Guylène Kiesel Le Cosquer présidente ,  CNCPI

Le brevet à effet unitaire : plus vite, mais plus cher !

La rapidité avec laquelle la JUB est censée rendre sa décision est un atout mais elle a aussi une contrepartie. La procédure est extrêmement exigeante en matière de respect des délais. La juridiction est d’ailleurs très peu encline à accorder des prolongations dans ce domaine. « C’est contraignant et cela nécessite d’avoir des équipes importantes pour travailler simultanément sur chaque dossier. Entre les frais de procédure à régler à la JUB, l’intervention des conseils qui doivent eux-mêmes mobiliser beaucoup de personnel, le coût est au global relativement élevé », prévient Frédérique Durieux. De plus, une des spécificités de la JUB est qu’une partie des magistrats sont des juges techniques, et non uniquement des juristes. « D’où l’intérêt d’avoir des équipes pluridisciplinaires, relève-t-elle, avec à la fois des avocats et des conseils en propriété industrielle qui parlent le même langage technique. »
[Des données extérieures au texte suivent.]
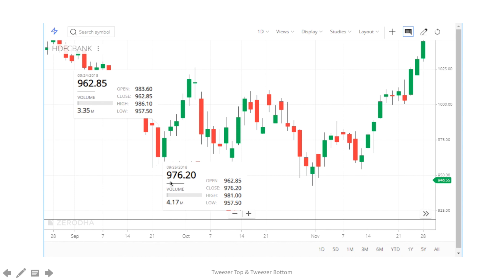Just look into the chart and identify the tweezers top and tweezers bottom. If you find any pattern on a chart, write it down in the comment section. Thank you.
Chose sûre, il faut d’abord explorer à fond les possibilités et contraintes offertes par les différents types de protection. Si l’une d’entre elles constate que les soucis de contrefaçons se concentrent dans tel ou tel pays, il est sans doute suffisant d’y intenter une action, sans chercher à bénéficier de l’effet unitaire. De même, les déposants peuvent décider ou non de choisir « l’opt-out », cette option qui permet au titulaire d’un brevet européen « classique » (sans effet unitaire) ou au demandeur d’une demande de brevet européen publiée de déroger à la compétence exclusive de la JUB. Certains acteurs économiques ont décidé de s’abstenir car ils considéraient que cela enverrait un signe de défiance vis-à-vis de la JUB. En revanche, beaucoup de firmes pharmaceutiques ont choisi d’y déroger. « Ce sont souvent des arbitrages faits de façon massive sur tout un pan ou sur la totalité d’un portefeuille de brevets. Cela dit, tant qu’une action n’a pas été engagée devant un tribunal national, il est toujours possible d’annuler cet opt-out pour remettre le brevet sous la compétence de la JUB », nuance Frédérique Durieux.

Avec ce nouveau cadre de défense de la propriété intellectuelle, les sociétés peuvent désormais obtenir une décision sur des territoires plus larges, même si cela ne concerne pas encore toute l’Union européenne. « Nous voyons bien que certains pays qui n’avaient pas ratifié l’accord relatif à la JUB le 19 février 2013 sont en train d’y réfléchir. A mon avis, tous les pays européens finiront par le faire. C’est un avantage significatif pour les entreprises dans une économie de plus en plus mondialisée », conclut la présidente de la CNCPI.